Recently I wrote myself into a corner. A brick corner. A brick corner reinforced with steel and concrete. I used it as an excuse not to write and instead I focused on other aspects of writing. Which I suppose is better than eating cupcakes and watching SVU reruns all day. But then I realized something: SVU is an amazing show. But all jokes aside, while I was busy doing other things, I was essentially putting my cart before my horse. I just needed to sit down and write. Today I did that and managed to get out a little over 600 words. And they weren’t crap! So here’s a list of things I won’t be focusing on as much:

  • This Blog. Just kidding, I love this thing. What I don’t love is trying to force myself to adhere to a Monday-Wednesday-Friday schedule. Sometimes life gets in the way. Sometimes I just don’t have anything to report. Also, being funny can be very taxing. I don’t wanna waste all the funny.
  • Social Networking. I’m keeping my facebook; don’t wanna disappoint the whopping 23 people that “Liked” me on there. Also keeping Twitter because having my account suspended (unnecessarily) every other week  is something I live for. However, I don’t think I’ll be spending as much time at World Literary Cafe (even though it’s the best thing to happen to authors since laptops) and I won’t be signing up for LinkedIn or Klout just yet.
  • Fretting Over a Title. Seriously, I’m only about a third of the way done with the first draft of my novel. The title is not important right now, finishing the novel is. (Even though I am really starting to like the working title…dammit there I go again.)
  • Fretting Over Book Cover Art. Scroll up a few lines. See what I wrote there about the title? Applies here too. (Gotta spread the funny where you can, ya know?)
  • Learning Stuff. Ok, that’s not entirely true. I still want to learn how to be a better writer. But I don’t need to learn that much about publishing options and marketing strategies right now. These things are still important, but I need to have a finished product before I can act on anything I learn. And who knows? The industry may continue to evolve and the plan I started to formulate might be antiquated or obselete next year.
  • Editing. I have a thing for editing. *Cue collective Gasp* It’s true. I keep going backwards to search out passive voice, unnecessary adverbs, and vague descriptions. If I keep this up, I’ll never finish my novel. But I’ll have the most beautiful, most polished 1/3 of a book you people have ever seen, dammit!
  • Requesting Beta Readers. If there’s anything that screams “cart before horse,” its requesting the advice of a beta reader before your novel is finished. In my defense, this individual is also writing a novel and I offered to read for him and we worked out an arrangement where were going to swap chapter for chapter. His work is finished, mine is not. so the arrangement was obviously for my benefit. In regards to my first chapter, he offered very good advice, but some of his insight I refused to accept because he hadn’t read the remaining chapters. Of course this was through no fault of his, but I think its better that I not ask for critiques until the damn thing is done. (You can find him over at In and Out of Place, by the way.)
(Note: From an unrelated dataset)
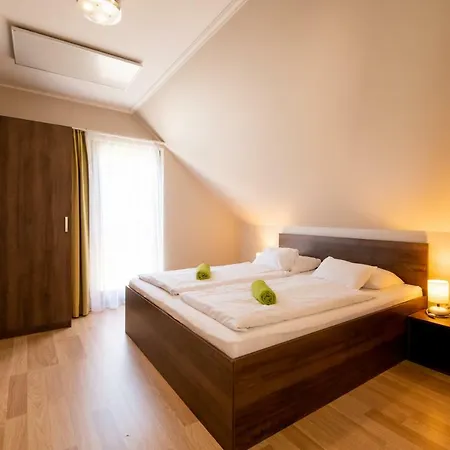 Dunazug Apartmanhaz Apartment Domos Exterior photo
So there you have it. I’ve gotta focus on writing. So this is me, holding a carrot out, and coaxing my horse back in front of my cart. Wish me luck and hit up the comments section.

19 thoughts on “Has Anyone Seen My Horse? Oh, There It Is Behind My Cart!

  1. Outlines are for the weak!

    But the rest of your ideas sound like very good ones. Probably the most important one is to stop editing as you go and worry about that when you get to the end. As Ann Lamott has wisely said, Give yourself permission to write a sh*tty first draft!

      • I could definitely use that, because I do get stuck in loops of overanalyzing what I’ve done and not going forward. Maybe promise yourself a spa day or a day at the beach when you actually finish. I can’t really remember how I finished my first two novels. Sadly, I think I seriously believed they were going to become bestsellers and I was going to make enough money to put the kid through private school. Now I know that ain’t gonna happen, it’s a lot harder to stay off of Facebook and finish the third book!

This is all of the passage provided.